## Exercise requirements
Retype, exactly and with both ends included, the lines below from the one containing "Pasador Wolfpack Base" through the end; omit the pictures.

┌─ Material supplied

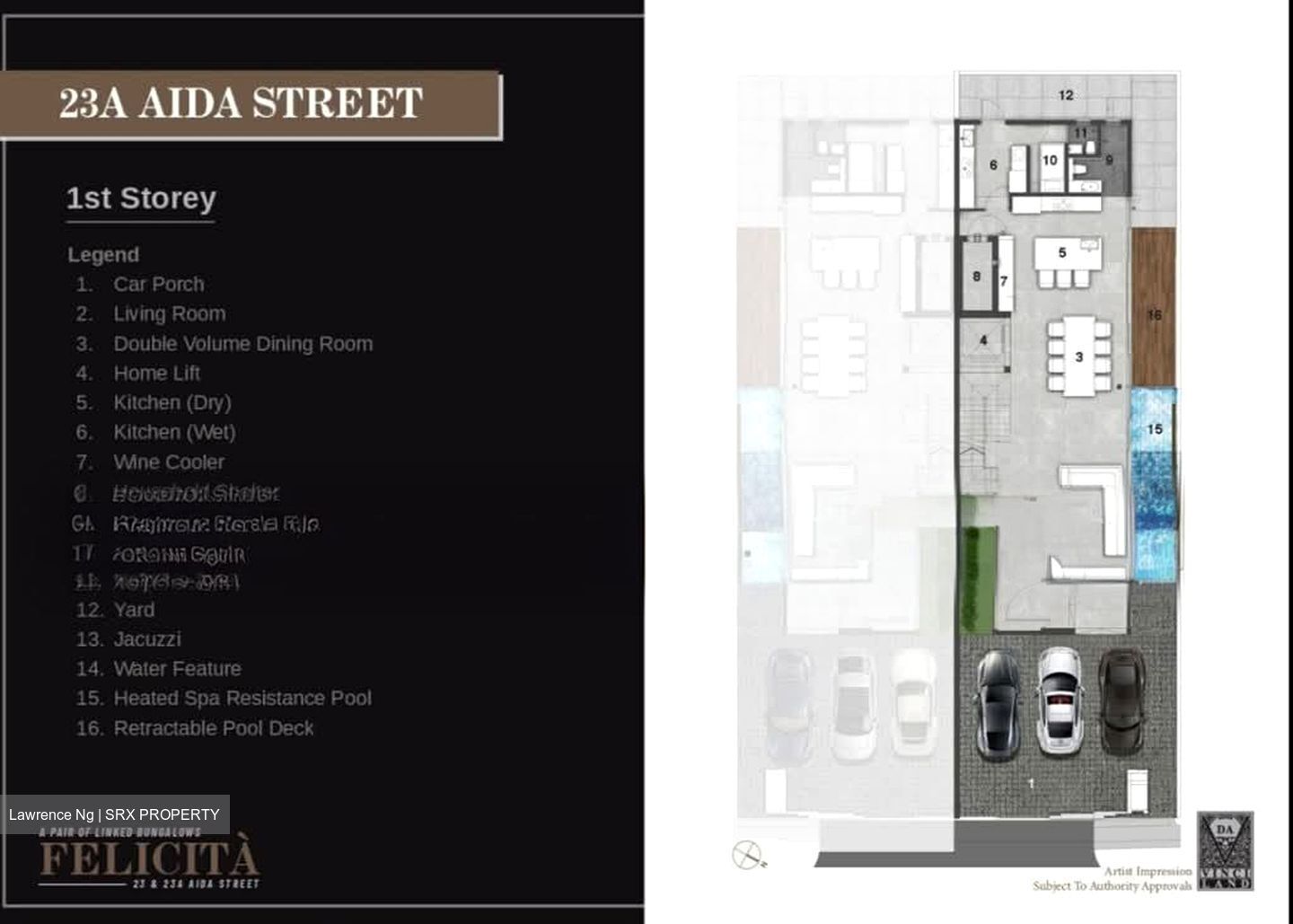 Opera Estate (D15), Semi-Detached #609600271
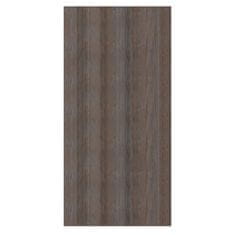 Greatstore Omarica za čevlje, iverna plošča, 92x30x67,5 cm, sonoma sivi hrast
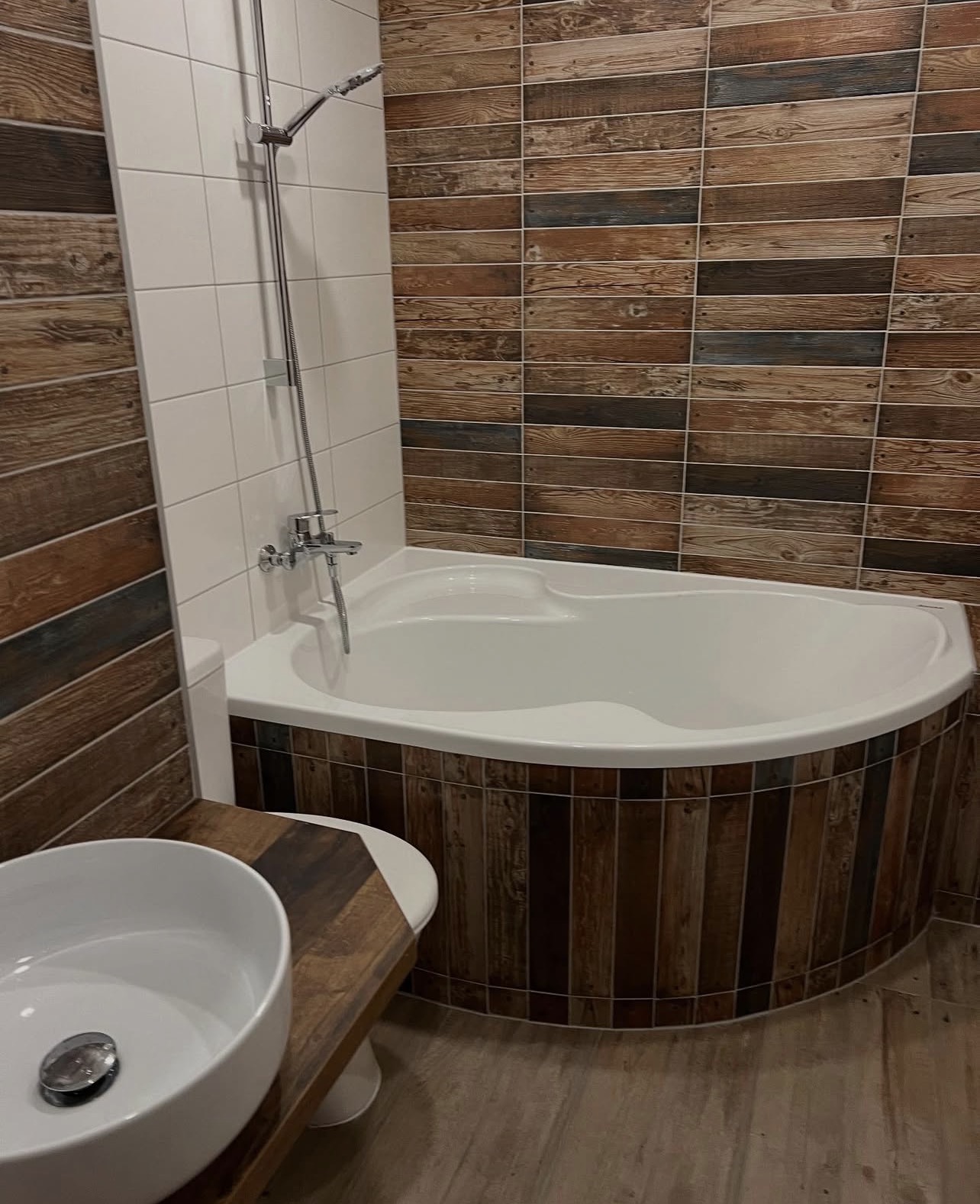 Rekonstrukce koupelny – elegantní řešení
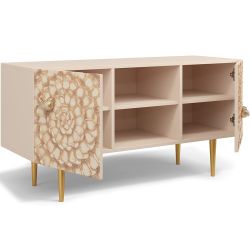 Тумба под ТВ Терра 117см Стайл Айвори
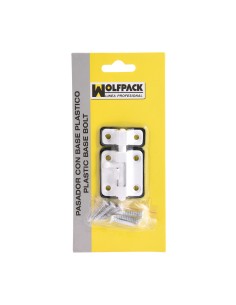 Pasador Wolfpack Base Plástisco. 35mm Blanco 2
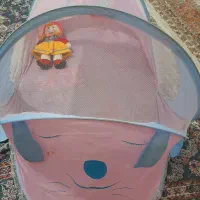 پشه بند کودک وآغوش کودک و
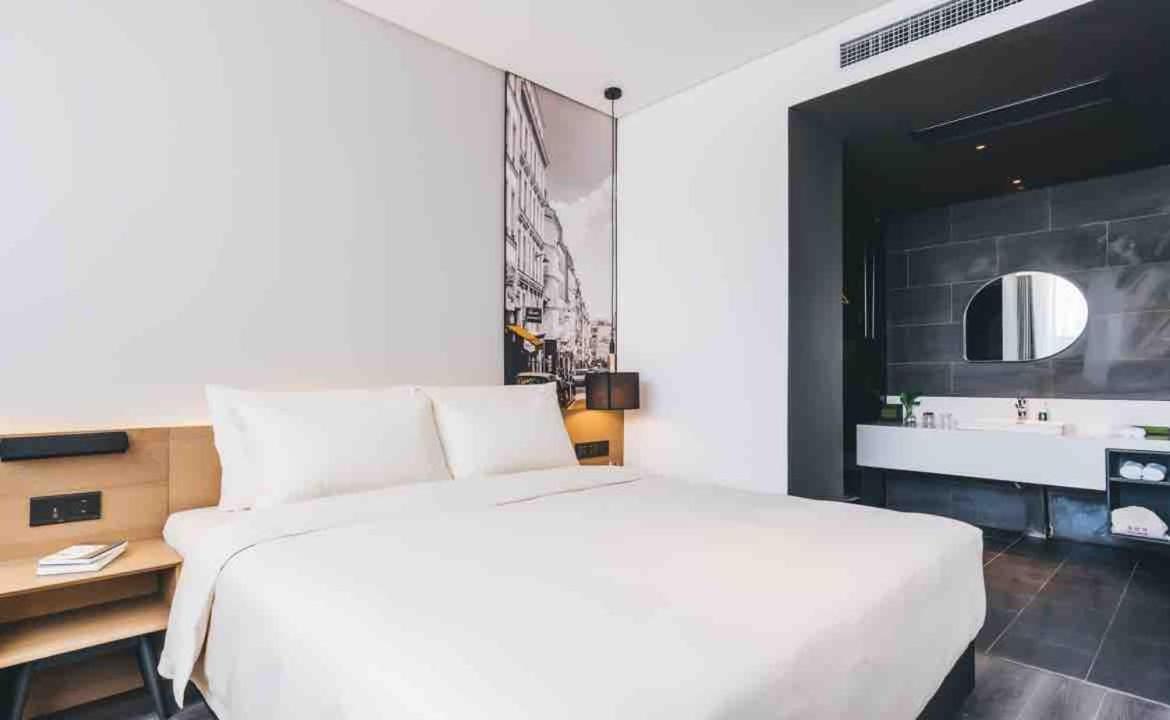 Atour X Hotel Shanghai Pudong Airport Chuansha Zewnętrze zdjęcie
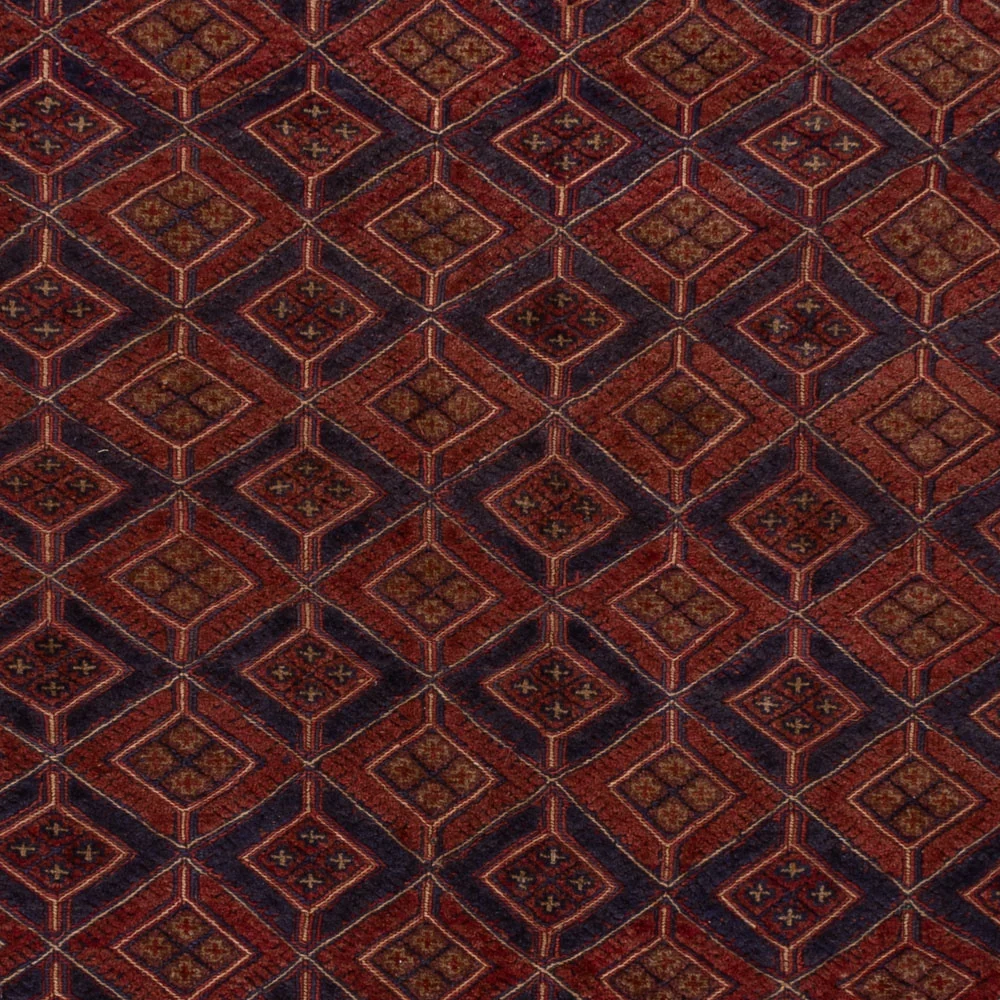Kelimteppe - Orientalsk - 300 x 205 cm - rød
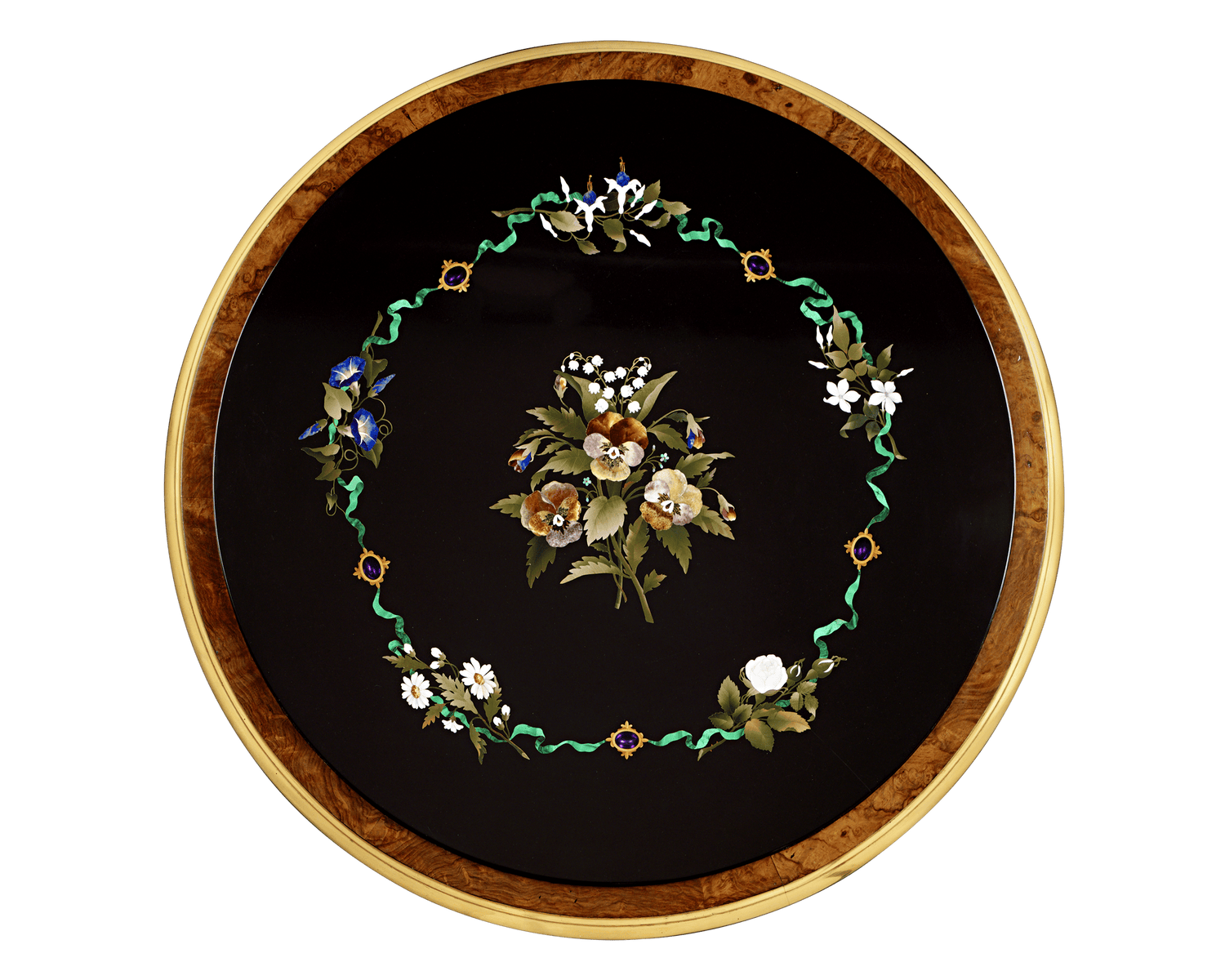 Royal Palace of Holyroodhouse Pietre Dure Table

└─

## Response
 Pasador Wolfpack Base Plástisco. 35mm Blanco 2
 پشه بند کودک وآغوش کودک و
 Atour X Hotel Shanghai Pudong Airport Chuansha Zewnętrze zdjęcie
Kelimteppe - Orientalsk - 300 x 205 cm - rød
 Royal Palace of Holyroodhouse Pietre Dure Table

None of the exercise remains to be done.